I wrote about Terkel and the hall last year, after it had once again ignored him, and the steering committee seems to have gotten the message. Though it can only nominate living broadcast veterans to the hall (members of the hall of fame and its parent Museum of Broadcast Communications, and the public, do the voting), the steering committee can put them in the hall on its own authority if they’re dead, and Terkel died last October at the age of 96.
Bruce DuMont is founder and chairman of the museum and hall of fame. Patner writes, “Last summer DuMont said that Studs and his many fans should just accept that Studs was the Ron Santo of Radio Hall of Fame exclusion. Maybe someone should call up the great former Cub in the Wrigley Field broadcast booth and let him know that if he would just die Cooperstown would surely suspend its rules and hurry him right in.”
Here’s what DuMont said about Santo, and where and why he said it.
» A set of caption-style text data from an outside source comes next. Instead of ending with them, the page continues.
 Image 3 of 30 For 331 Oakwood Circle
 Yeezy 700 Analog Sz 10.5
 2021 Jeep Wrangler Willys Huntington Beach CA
Last July, the Reader‘s “The Business” columnist Deanna Isaacs wrote a column on the outrage among gay activists at the election of Focus on the Family‘s James Dobson to the hall of fame. Dobson was in and once again Terkel wasn’t, Isaacs noted, and neither were Steve Dahl and Howard Stern.
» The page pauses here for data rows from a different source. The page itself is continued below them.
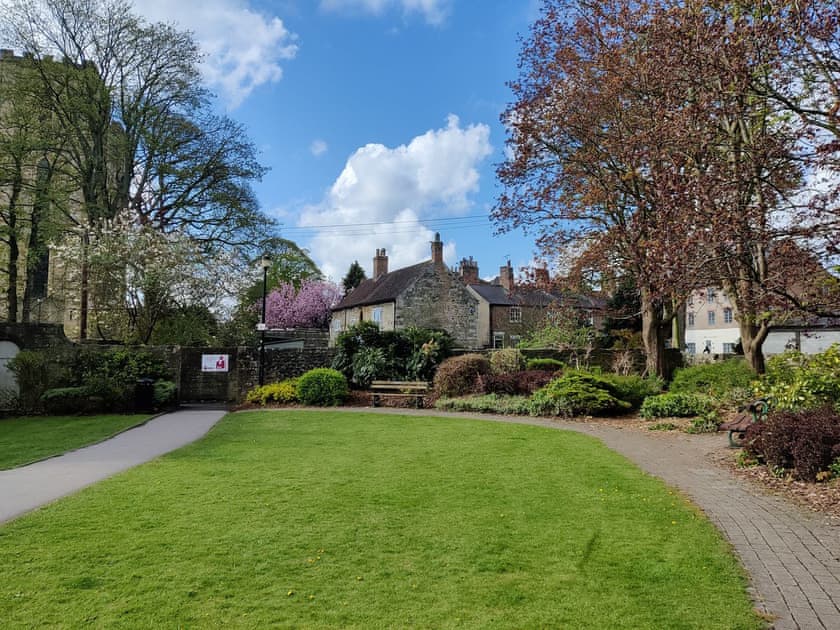 Approaching the cottage | Court Terrace, Ripon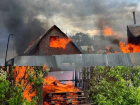 Сады в огне: в Самарской области вспыхнул дачный массив возле железной дороги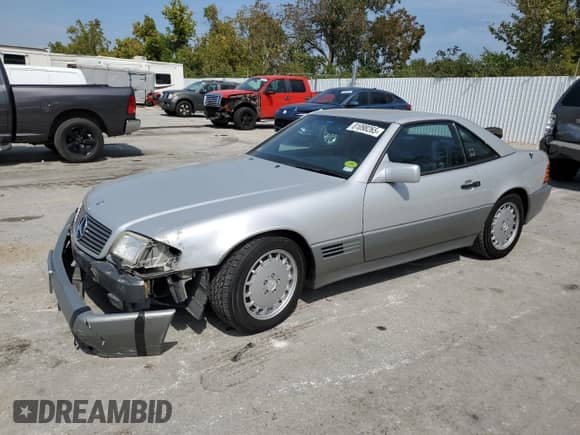 1991 Mercedes-Benz 500 с VIN WDBFA66E1MF024936, выставлен на аукционе Copart как лот 81098265 с пробегом 76 236 миль миль и Списание • Salvage title. История ставок и продаж доступна на DreamBid. Изображение 1.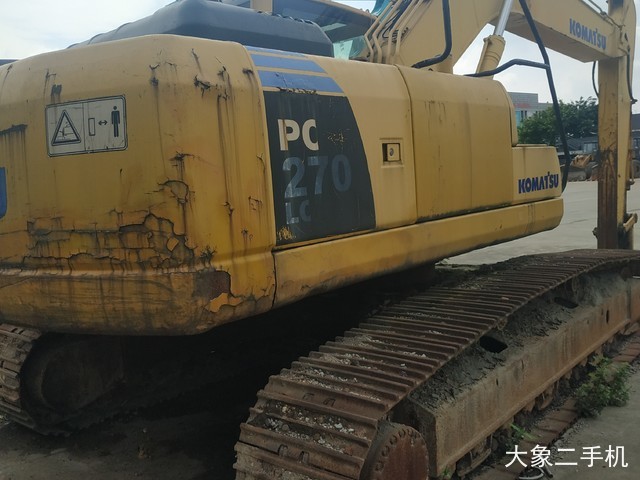 小松 PC240LC-8 挖掘机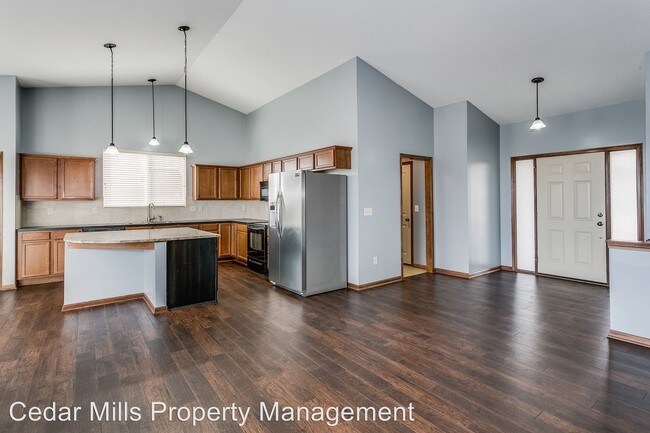 Building Photo - 4 br, 3 bath House - 704 S. Sierra Hills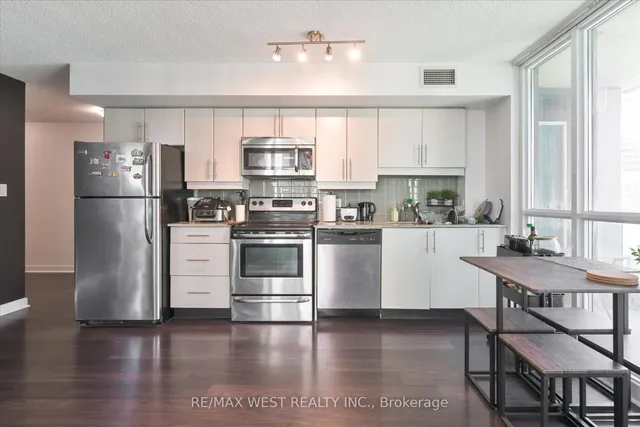 Additional property image - 33 Bay St Unit 1504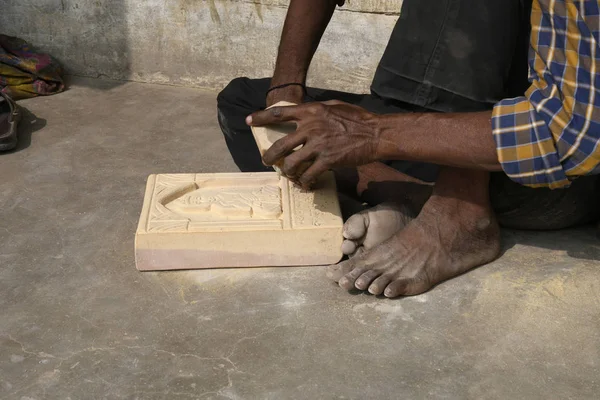 Lokale steenhouwer aan het werk, Jaisalmer, Rajasthan, India — Stockfoto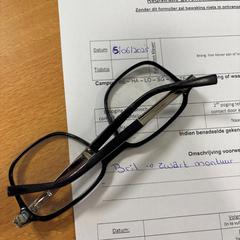 Bicchieri zwart montuur, come riportato da VITAZ campus Sint-Niklaas utilizzando iLost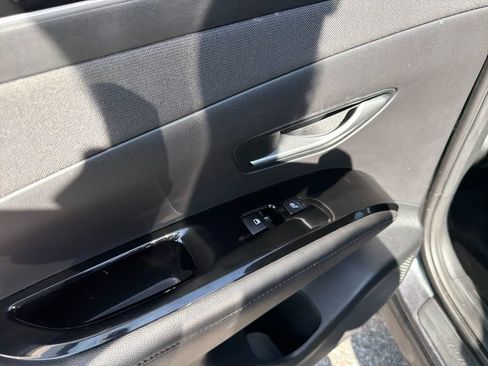 Used 2024 Hyundai Tucson Limited FWD image 19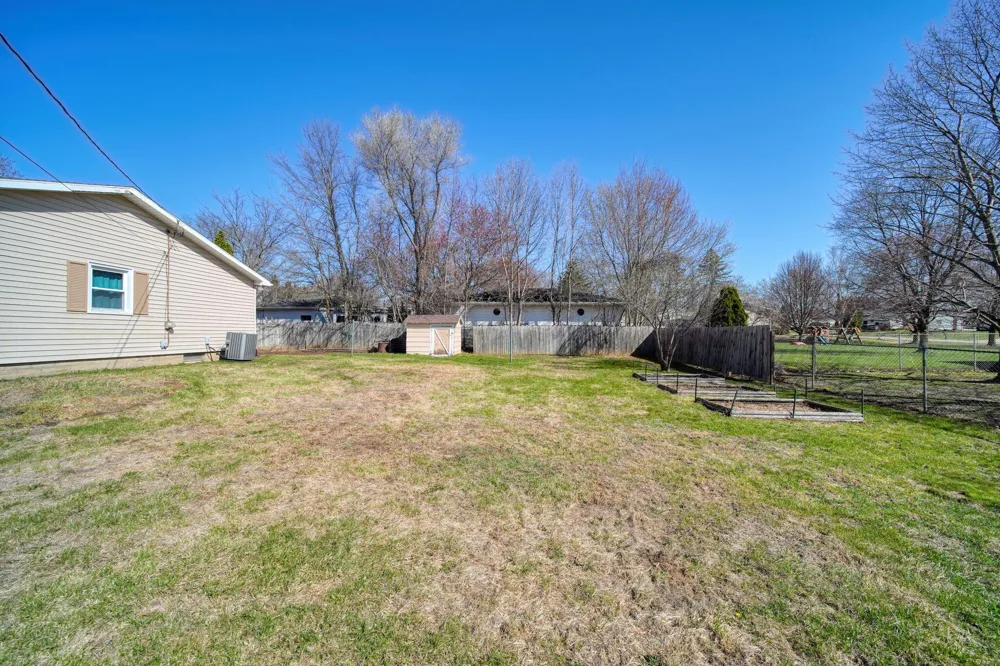 1190 Ferndale Road Blackman Charter Township, MI 49201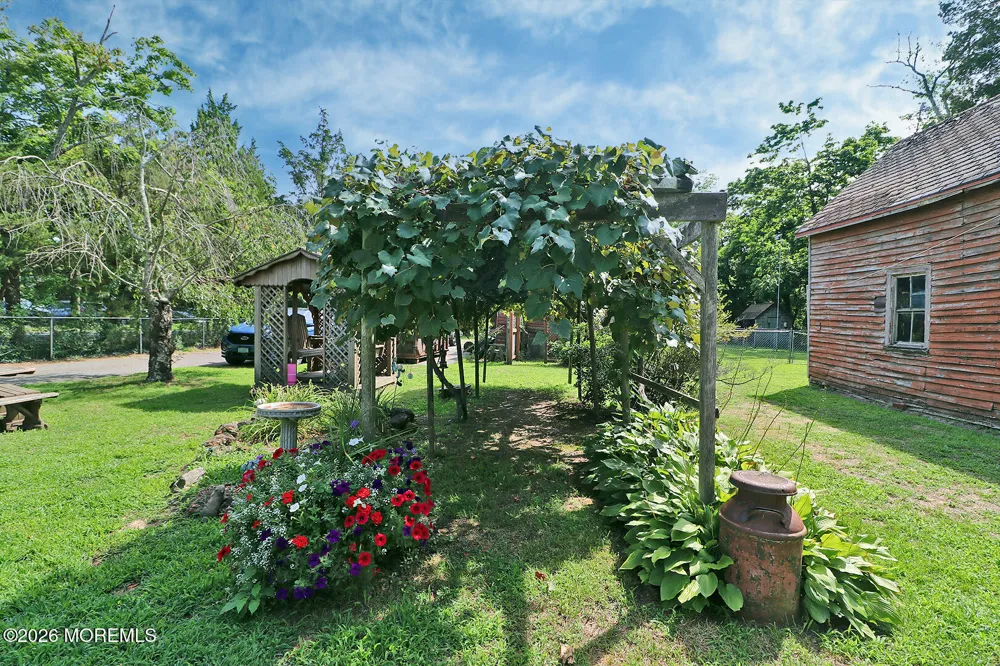 105 E Bay Avenue Manahawkin, NJ 08050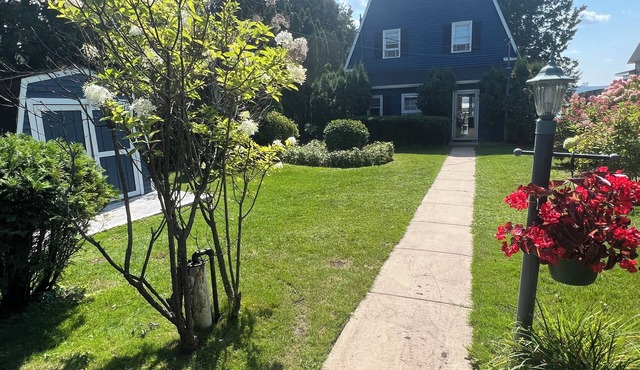 Charming 4-bedroom cottage in adorable Oden with WiFi, AC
DuMont responded online. He said in part, “FACT: Steve Dahl and Howard Stern have each been nominated for the National Radio Hall of Fame three previous times—and both have failed to win enough votes for induction each time. In Baseball Hall of Fame balloting, Ron Santo has suffered a similar disappointment.”
So to be precise, DuMont was comparing Santo to Dahl and Stern, not to Terkel. Like Santo, Dahl and Stern had at least made it onto a hall of fame ballot. Terkel never got that far.
Anyway, now that we’re talking about Ron Santo, here’s a suggestion for DuMont and for Santo’s army of fans. Instead of holding up Santo as a symbol of eternal disappointment, put him in the hall of fame you have some say over. Another of this year’s posthumous inductees to the National Radio Hall of Fame is Harry Kalas, the voice of the Philadelphia Phillies from 1971 until his death this April. Since he joined WGN in 1990, Santo has been the voice — not to mention soul — of the Cubs. Studs Terkel didn’t need DuMont’s hall. Santo would grace it, enhance it, and I’m sure feel very pleased to be part of it.